_Work item_: Your task is to reproduce, exactly and only, the lines running from the line containing "Eltroma-technik 0-4 Bar Meter" to the end of the data below, both included.

_Available records_:

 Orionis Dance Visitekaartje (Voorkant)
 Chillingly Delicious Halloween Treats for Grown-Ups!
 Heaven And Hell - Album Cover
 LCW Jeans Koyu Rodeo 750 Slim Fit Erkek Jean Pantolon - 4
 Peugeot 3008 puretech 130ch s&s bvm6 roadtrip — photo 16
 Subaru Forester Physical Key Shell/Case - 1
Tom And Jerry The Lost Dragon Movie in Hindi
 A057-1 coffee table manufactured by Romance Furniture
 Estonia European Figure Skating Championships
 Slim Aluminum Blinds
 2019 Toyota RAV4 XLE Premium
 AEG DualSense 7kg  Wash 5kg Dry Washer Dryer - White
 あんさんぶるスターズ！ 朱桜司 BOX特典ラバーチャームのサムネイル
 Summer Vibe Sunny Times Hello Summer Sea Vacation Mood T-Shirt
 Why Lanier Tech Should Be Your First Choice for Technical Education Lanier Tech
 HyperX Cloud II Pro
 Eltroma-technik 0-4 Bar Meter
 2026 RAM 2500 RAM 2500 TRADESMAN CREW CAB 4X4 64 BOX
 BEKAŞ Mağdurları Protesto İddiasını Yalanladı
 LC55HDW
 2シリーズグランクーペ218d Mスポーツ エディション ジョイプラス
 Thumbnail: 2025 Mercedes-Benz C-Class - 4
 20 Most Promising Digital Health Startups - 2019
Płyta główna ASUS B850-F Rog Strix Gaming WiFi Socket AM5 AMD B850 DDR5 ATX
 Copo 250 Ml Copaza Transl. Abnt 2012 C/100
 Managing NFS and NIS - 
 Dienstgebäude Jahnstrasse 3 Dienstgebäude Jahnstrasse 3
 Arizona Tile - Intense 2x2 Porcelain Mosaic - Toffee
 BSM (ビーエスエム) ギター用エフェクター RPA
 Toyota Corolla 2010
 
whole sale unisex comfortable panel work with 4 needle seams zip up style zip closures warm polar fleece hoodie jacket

_Answer for this exercise_:
 Eltroma-technik 0-4 Bar Meter
 2026 RAM 2500 RAM 2500 TRADESMAN CREW CAB 4X4 64 BOX
 BEKAŞ Mağdurları Protesto İddiasını Yalanladı
 LC55HDW
 2シリーズグランクーペ218d Mスポーツ エディション ジョイプラス
 Thumbnail: 2025 Mercedes-Benz C-Class - 4
 20 Most Promising Digital Health Startups - 2019
Płyta główna ASUS B850-F Rog Strix Gaming WiFi Socket AM5 AMD B850 DDR5 ATX
 Copo 250 Ml Copaza Transl. Abnt 2012 C/100
 Managing NFS and NIS - 
 Dienstgebäude Jahnstrasse 3 Dienstgebäude Jahnstrasse 3
 Arizona Tile - Intense 2x2 Porcelain Mosaic - Toffee
 BSM (ビーエスエム) ギター用エフェクター RPA
 Toyota Corolla 2010
 
whole sale unisex comfortable panel work with 4 needle seams zip up style zip closures warm polar fleece hoodie jacket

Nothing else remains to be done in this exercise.